# WHAT IS THE “AVERAGE” IN MATHS?

An average is simply a way of picking out a typical value from a set of objects (usually numbers). There are infinitely many different ways to pick a “typical value”, but here are some of my favourites:

Midrange average:
The simplest of the lot: just calculate the number that is half way between the smallest and largest value. The midrange of the data set pictured is 155 (half way between 4 and 306).

Using the midrange, you can truthfully tell your parents that you did “better than average” in the maths exam, even if you were the second worst in the class! All you need is for a single person to have dropped more than twice the marks that you did.

Got to love that!

Mean average:
The Arithmetic Mean (to use its full name) is the average people usually “mean” when they think of the average.
AT GCSE (Foundation): add the numbers up and divide by how many there are.
AT GCSE (Higher): mean = sum of values ÷ number of values.
AT A-LEVEL AND BEYOND: we introduce the symbol $\bar{x}$ pronounced “x bar” for the mean:
$\bar{x} = \dfrac{\Sigma x}{n}$ or for grouped data $\dfrac{\Sigma fx}{\Sigma f}$
Unfortunately, the data set pictured has an outlier or “extreme value”: the data point 306 pulls the mean up to 51, which most of us would agree is too big to be a sensible “typical value”.

Geometric Mean average:
If we can add them up and divide by $n$, why not multiply them all and take the $n$th root?

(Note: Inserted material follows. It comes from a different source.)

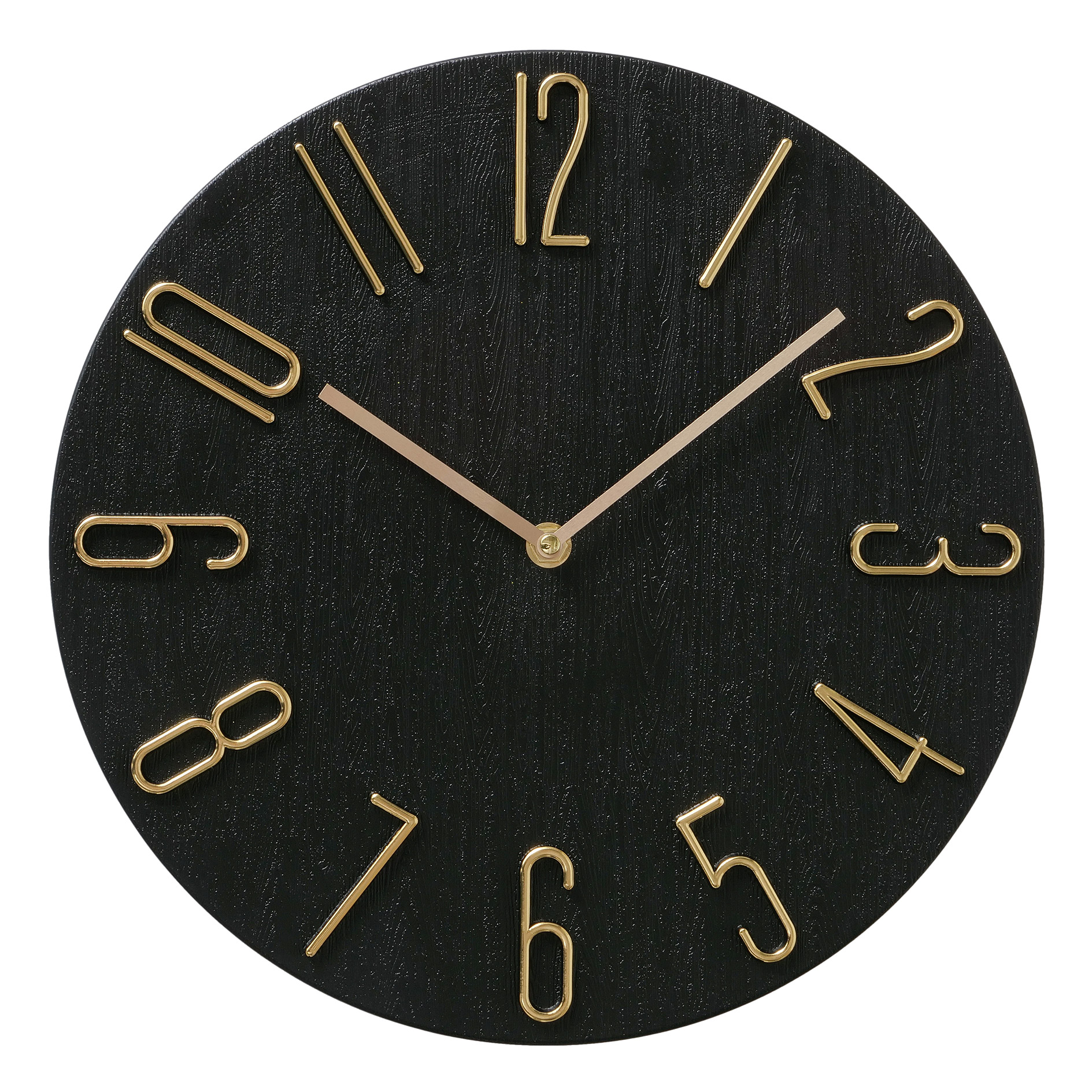 Wanduhr - schwarz-gold - Ø 30 cm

This mean would be $\sqrt[7]{4 \times 5 \times 6 \times 8 \times 10 \times 18 \times 306} = 12.68…$

Why would you want to do that??
This average allows you to find the average interest rate of the money in your bank account:
e.g. Suppose your money grows at 3%, 6%, 8% in year 1, 2, 3. What interest rate, fixed over the whole 3 years, would this be the same as?
Simply find the geometric mean of the three multipliers. The multipliers for 3%, 6%, 8% interest are 1.03, 1.06 and 1.08 (check your GCSE maths to find out why this is). The geometric mean is
$\sqrt[3]{1.03 \times 1.06 \times 1.08} = 1.0564…$ so the result is the same as if the bank had paid us a fixed rate of just over 5.6% each year.

Median average:
Put them in order and choose the middle one. In our case: 8.
Notice that using the median does not suffer from the same problem as the mean: the outlier 306 does not distort it. For this reason the median is usually preferred if your data set has outliers or is skewed (lopsided rather than symmetrical).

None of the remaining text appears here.